Ils portent un regard critique sur la gestion de leur province, évoquent une administration qui a « trop de poids » par rapport au privé, le « gaspillage » pour d’immenses projets comme le pont de Mouli, les jeunes diplômés qui ne trouvent pas de travail, les problèmes de transport, et prennent en exemple la situation actuelle de Tiga, coupée du monde. Comme eux, disent-ils, de nombreux Loyaltiens sont « lassés de la politique menée depuis des décennies par les mêmes personnes », explique Joël Cabali Bae.

Pour eux, le temps est aussi venu de sortir de la « vision binaire » proposée à l’échelle de tout le territoire. « On a vécu sur les séquelles du passé et pour l’heure on n’a pas réussi à se dire qu’il fallait passer à une autre période », commente Germaine Nemia Bishop.
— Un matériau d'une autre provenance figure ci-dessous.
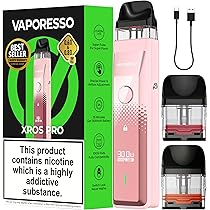 root beer float vape juice Hayati Pro Max + Pod Vape Kit | Refillable 6000 Puff Vape main image 1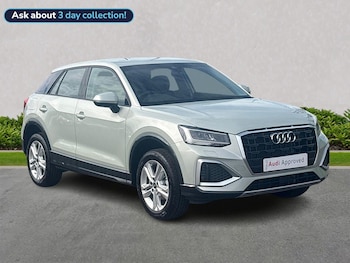 Used Audi Q2 2026 for sale - 79120299: Photo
Il s’agit pour eux de « mettre en pause » l’indépendance et se focaliser à la place sur « le lancement économique des îles – sous le regard et la protection des grands chefs – pour être des acteurs dans la société et non plus des spectateurs » selon les termes de Jean-Pierre Selefen.

Ils veulent des discours qui permettent en particulier à la jeunesse de se placer non plus dans le rejet mais dans l’espoir, le respect des valeurs, du travail, l’insertion. « On peut mettre les consultations de côté et construire ensemble pour concrétiser véritablement la poignée de main entre Jean-Marie Tjibaou et Jacques Lafleur », estime Germaine Nemia Bishop.

Économiquement, ils observent que l’argent « ne circule que lors des mariages », regrettent que l’on ne puisse sécuriser les investisseurs « qui manquent de garanties ». « Il faut aussi se poser la question de notre rentabilité et de notre efficacité ».

GRANDE PROVINCE ?

Ce groupe de réflexion défendra de grands projets au bénéfice des populations, à commencer par des complexes commerciaux à Lifou, Maré et Ouvéa. « Les hôtels de luxe que l’on a, c’est bien, mais ils sont trop coûteux pour les gens ! », note Jean-Pierre Selefen.

Pour créer de l’emploi et refixer les populations dans les Îles, disent-ils, il faut investir dans les ressources existantes, « partir de ce que les gens savent faire ». « Les investissements doivent aller à la valorisation des atouts, des produits de la terre, aux entrepreneurs. » Ils pensent à des ateliers de transformation pour congeler le poisson, les ignames, le développement du noni. « Le Vanuatu, Tahiti arrivent à exporter, pourquoi pas nous ? »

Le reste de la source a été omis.